Clustering of the individual EMT-inducer gene expression profiles based on their similarity to each other and to a large cohort of breast cancer patient gene-expression samples. (A) Heatmap of gene expression profiles in each sample. Values represent the log2 ratio over control. The diagram above each heatmap shows the similarities of EMT-inducer profiles to each other. (B) Heat map of correlations of each EMT-inducer profile with the gene expression profiles of patient tumors in a large cohort of breast cancer patients (49). Pearson correlation coefficients were calculated for all of the EMT-inducer–patient pairs and plotted as a heat map, in which red indicates a highly significant positive correlation, green indicates a highly significant negative correlation and black indicates a weak or absent correlation.

Fig. 4.

The core EMT signature correlates with metaplastic and claudin-low breast cancers. (A and B) Gene-expression data were plotted as box plots for the mean expression of the EMT-up genes (A) and the EMT-down genes (B) by subtype using the dataset from Hennessey et al. (23) with the addition of 12 metaplastic tumors.
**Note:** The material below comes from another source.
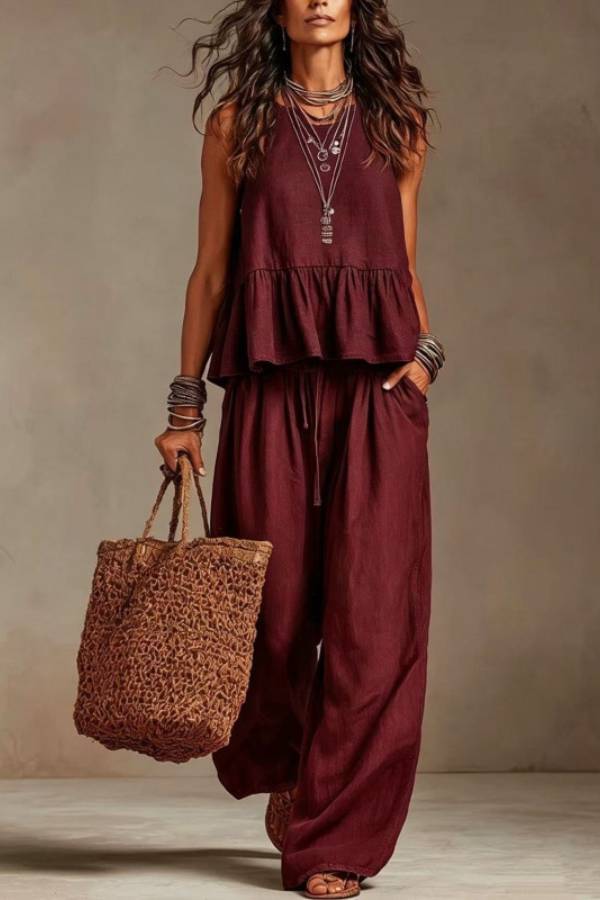 Sleeveless Ruffle Linen Top + Elastic Waist Wide-Leg Pants Set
Subtypes were called as in Herschkowitz et al. (22). The list was derived using Significance Analysis of Microarrays and cut off at the top ∼1,155 probes, 544 up and 611 down. Next, the genes were extracted in the dataset and averaged in each tumor (up and down separately). The one-way ANOVA significance for each plot was P < 0.0001.

Fig. 5.

EMT-inducing genes are up-regulated in metaplastic and claudin-low tumors and FOXC1 expression marks basal-like tumors and is a predictor of poor clinical outcome. (A) Data were extracted for EMT-related genes and samples were ordered by intrinsic subtype as in Herschkowitz et al. (22). The twelve metaplastic tumors from Hennessey et al. (23) were also included. (B) Patients from the NKI and UNC datasets were divided into high- and low-FOXC1 expressers and their survival was compared. The P value was generated using the χ² test of equality.